• What to do: Here the job is to return only the lines of the material, exactly, from the first one to the line with "Makk Attila - 3".
═══
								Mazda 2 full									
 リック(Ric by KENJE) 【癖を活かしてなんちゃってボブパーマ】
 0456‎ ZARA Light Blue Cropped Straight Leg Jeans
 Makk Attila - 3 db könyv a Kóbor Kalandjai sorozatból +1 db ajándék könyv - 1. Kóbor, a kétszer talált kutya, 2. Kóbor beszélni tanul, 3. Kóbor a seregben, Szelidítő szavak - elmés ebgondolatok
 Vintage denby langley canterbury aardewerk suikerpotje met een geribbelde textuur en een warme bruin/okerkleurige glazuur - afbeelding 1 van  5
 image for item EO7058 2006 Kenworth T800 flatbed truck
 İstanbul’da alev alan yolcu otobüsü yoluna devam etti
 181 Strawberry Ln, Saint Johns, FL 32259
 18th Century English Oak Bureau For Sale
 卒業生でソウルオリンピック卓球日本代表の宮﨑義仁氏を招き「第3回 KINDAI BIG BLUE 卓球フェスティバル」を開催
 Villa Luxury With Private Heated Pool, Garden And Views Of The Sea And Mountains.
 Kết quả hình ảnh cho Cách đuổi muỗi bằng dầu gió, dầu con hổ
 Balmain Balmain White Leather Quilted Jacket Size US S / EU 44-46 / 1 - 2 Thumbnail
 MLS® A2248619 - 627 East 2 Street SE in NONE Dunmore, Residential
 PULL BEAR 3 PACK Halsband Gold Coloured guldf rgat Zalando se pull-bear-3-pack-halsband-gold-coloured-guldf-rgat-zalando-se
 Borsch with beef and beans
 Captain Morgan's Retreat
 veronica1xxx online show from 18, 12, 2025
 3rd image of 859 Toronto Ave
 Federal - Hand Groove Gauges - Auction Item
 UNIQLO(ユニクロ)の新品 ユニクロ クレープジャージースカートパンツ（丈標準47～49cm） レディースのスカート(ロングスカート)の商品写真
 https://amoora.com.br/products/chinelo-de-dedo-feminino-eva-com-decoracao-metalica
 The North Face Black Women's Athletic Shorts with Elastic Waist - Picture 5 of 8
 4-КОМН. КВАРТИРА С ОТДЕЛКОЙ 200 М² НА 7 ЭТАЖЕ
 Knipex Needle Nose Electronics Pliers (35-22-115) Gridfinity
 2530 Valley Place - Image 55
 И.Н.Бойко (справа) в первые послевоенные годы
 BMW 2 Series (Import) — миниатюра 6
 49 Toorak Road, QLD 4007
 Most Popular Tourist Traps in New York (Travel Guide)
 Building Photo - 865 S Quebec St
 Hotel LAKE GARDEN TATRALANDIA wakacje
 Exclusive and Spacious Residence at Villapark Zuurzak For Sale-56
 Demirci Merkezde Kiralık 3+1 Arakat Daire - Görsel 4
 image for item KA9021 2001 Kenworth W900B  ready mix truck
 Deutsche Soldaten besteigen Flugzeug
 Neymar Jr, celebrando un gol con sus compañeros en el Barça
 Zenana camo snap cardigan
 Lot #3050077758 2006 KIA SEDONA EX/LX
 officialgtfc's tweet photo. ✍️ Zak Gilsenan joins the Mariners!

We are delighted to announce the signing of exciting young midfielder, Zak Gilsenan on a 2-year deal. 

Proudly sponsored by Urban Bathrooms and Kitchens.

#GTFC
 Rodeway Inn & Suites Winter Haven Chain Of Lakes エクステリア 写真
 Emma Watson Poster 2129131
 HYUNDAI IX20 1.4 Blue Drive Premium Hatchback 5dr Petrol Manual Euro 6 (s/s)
═══
• Exercise answer:
								Mazda 2 full									
 リック(Ric by KENJE) 【癖を活かしてなんちゃってボブパーマ】
 0456‎ ZARA Light Blue Cropped Straight Leg Jeans
 Makk Attila - 3 db könyv a Kóbor Kalandjai sorozatból +1 db ajándék könyv - 1. Kóbor, a kétszer talált kutya, 2. Kóbor beszélni tanul, 3. Kóbor a seregben, Szelidítő szavak - elmés ebgondolatok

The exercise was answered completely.